Revealing of Active Sites and Catalytic Mechanism in N-Coordinated Fe, Ni Dual-Doped Carbon with Superior Acidic Oxygen Reduction than Single-Atom Catalyst
Yaodan Zhou, Wen Yang, Wellars Utetiwabo, Yimeng Lian, Xue Yin, Lei Zhou, Peiwen Yu, Renjie Chen, Shaorui Sun
Abstract
Herein, we synthesized a Fe, Ni dual-metal embedded in porous nitrogen-doped carbon material to endow higher turnover frequency (TOF), lower H 2 O 2 yield, and thus superior durability than for the single-atom catalyst for oxygen reduction in acid media. Quantitative X-ray absorption near edge structure (XANES) fitting and density functional theory (DFT) calculation were implemented to explore the active sites in the catalysts.
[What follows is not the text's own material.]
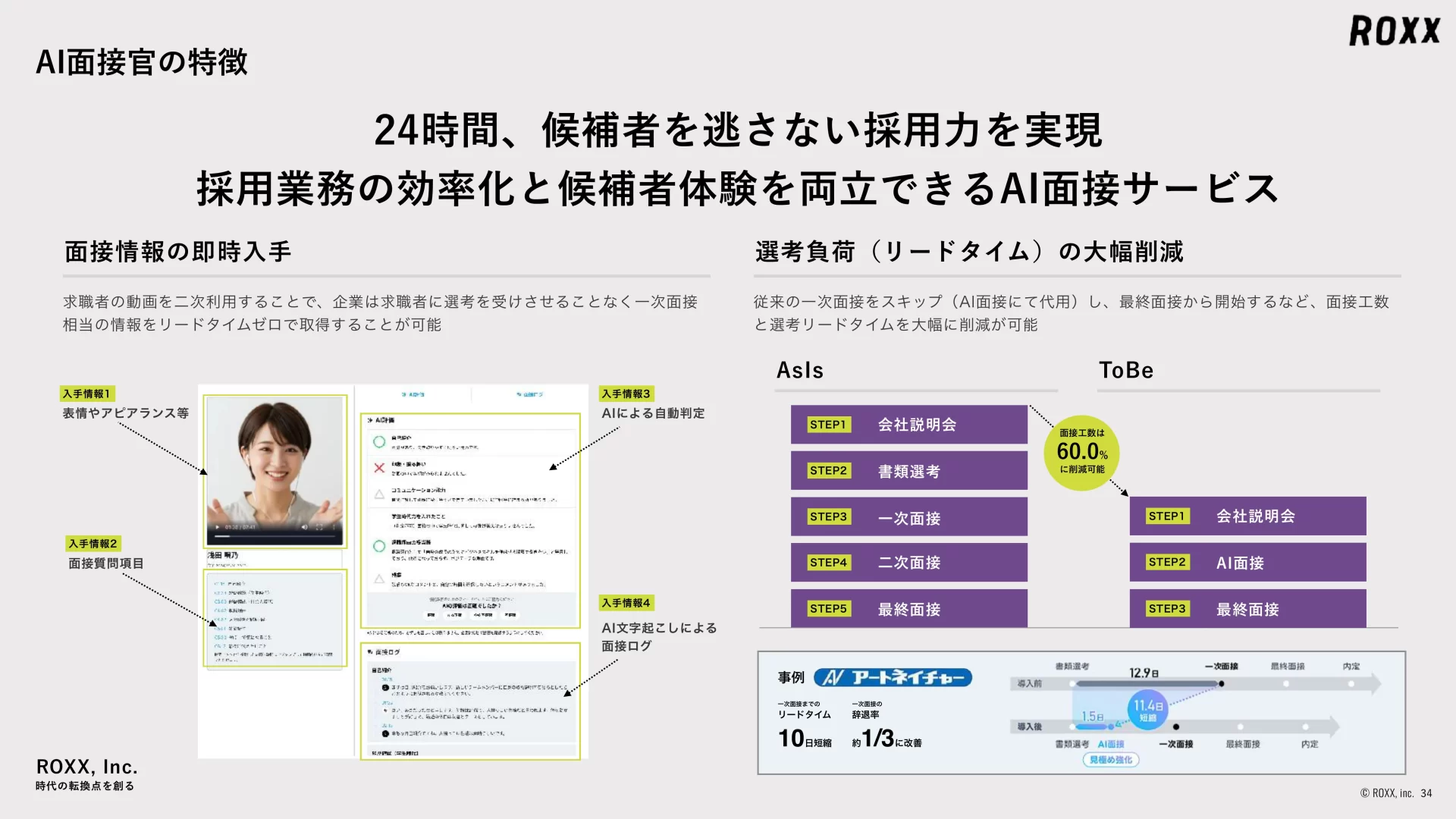 ROXX 会社説明資料 We are Hiring！ サービスの特徴のスライドデザイン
The results suggest FeNi-N 6 with type I (each metal atom coordinated with four nitrogen atoms) instead of type II configuration (each metal atom coordinated with three nitrogen atoms) dominates the catalytic activity of the noble-metal free catalyst (NMFC). Further, theoretical calculation reveals that the oxygen reduction reaction (ORR) activity trend of different moieties was FeNi-N 6 (type I) > FeNi-N 6 (type II) > Fe–N 4 > Fe 2 –N 6 . Our research represents an important step for developing dual-metal doping NMFC for proton exchange membrane fuel cells (PEMFCs) by revealing its new structural configuration and correlation with catalytic activity.